[pve-devel] rgmanager + firewall = bad news

Tue Jul 14 23:01:27 CEST 2015

I think finally tracked down some bad behavior that's been around for a
while; e.g. this thread [1] (and I have pages of purple google results).

Problem: After a node(pve01) reboot, rgmanager doesn't appear to be
running correctly. In the PVE interface it doesn't report that node
running rgmanager, but on the box itself, `service rgmanager status`
lists several pids that are indeed rgmanager processes. `clustat` on
pve01 says rgmanager isn't running anywhere. `clustat` on other nodes
says rgmanager is running everywhere but pve01. This echoes the PVE
interface. I also tend to see the kernel reporting hung task here:

kernel: [  241.175951] INFO: task rgmanager:4321 blocked for more than
120 seconds.

Trying to restart rgmanager on pve01 never completes and normally then
requires fencing the node.

I think this is all caused by cluster firewall. Turning off the firewall
made the problem go away. After further experimentation and googling I
got to RHEL6 documentation  [2] that says dlm needs tcp dport 21064
open.

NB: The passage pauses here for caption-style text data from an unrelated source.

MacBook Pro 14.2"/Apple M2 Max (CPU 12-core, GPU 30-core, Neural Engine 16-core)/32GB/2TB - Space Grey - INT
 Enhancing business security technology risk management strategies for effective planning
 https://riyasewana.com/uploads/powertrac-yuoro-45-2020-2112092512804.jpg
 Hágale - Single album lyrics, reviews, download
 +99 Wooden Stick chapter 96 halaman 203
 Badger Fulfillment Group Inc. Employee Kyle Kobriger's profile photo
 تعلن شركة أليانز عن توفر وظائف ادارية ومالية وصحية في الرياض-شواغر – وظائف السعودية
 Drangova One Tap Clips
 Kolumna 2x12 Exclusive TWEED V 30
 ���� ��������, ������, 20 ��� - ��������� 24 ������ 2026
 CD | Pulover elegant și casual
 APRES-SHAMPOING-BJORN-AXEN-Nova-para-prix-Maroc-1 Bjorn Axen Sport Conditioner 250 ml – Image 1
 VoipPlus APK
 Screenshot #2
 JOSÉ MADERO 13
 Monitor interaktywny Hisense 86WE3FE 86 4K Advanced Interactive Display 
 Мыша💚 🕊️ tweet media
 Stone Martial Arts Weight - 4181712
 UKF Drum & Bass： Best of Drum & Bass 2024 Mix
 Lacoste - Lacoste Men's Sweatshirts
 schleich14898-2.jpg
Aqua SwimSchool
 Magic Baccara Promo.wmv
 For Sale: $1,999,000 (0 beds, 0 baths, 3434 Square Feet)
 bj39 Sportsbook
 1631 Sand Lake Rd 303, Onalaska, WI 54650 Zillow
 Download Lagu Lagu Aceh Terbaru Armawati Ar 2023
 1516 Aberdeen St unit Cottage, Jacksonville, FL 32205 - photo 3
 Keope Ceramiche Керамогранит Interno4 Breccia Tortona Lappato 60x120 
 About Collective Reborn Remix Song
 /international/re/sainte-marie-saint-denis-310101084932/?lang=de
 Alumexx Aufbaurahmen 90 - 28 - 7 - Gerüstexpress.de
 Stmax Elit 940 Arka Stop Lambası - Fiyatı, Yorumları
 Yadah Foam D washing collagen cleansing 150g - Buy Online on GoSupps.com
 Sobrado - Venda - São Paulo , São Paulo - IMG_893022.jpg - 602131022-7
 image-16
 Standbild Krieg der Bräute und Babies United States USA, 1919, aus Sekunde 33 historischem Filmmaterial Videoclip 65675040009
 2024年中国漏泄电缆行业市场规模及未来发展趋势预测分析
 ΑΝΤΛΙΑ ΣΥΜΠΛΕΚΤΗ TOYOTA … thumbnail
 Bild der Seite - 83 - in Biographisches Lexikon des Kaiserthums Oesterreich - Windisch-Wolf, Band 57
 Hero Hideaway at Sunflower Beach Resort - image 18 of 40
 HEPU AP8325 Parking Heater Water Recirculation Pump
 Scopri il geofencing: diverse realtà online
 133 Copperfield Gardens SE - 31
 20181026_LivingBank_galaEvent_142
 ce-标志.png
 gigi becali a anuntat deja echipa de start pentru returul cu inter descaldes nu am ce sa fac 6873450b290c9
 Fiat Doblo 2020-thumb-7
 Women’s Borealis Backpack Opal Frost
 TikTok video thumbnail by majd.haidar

Once I added that as an allowed dport to the security group I have
for the hypervisors and rebooted the node again everything seems happy
again.   I suggest adding this to the firewall default accept list
similar to ports 8006, 5404, 5405 et al.

[1]
http://forum.proxmox.com/threads/9962-rgmanager-running-per-cli-but-not-pve
[2]
https://access.redhat.com/documentation/en-US/Red_Hat_Enterprise_Linux/6/html/Cluster_Administration/s2-iptables_firewall-CA.html

Regards,
Nathan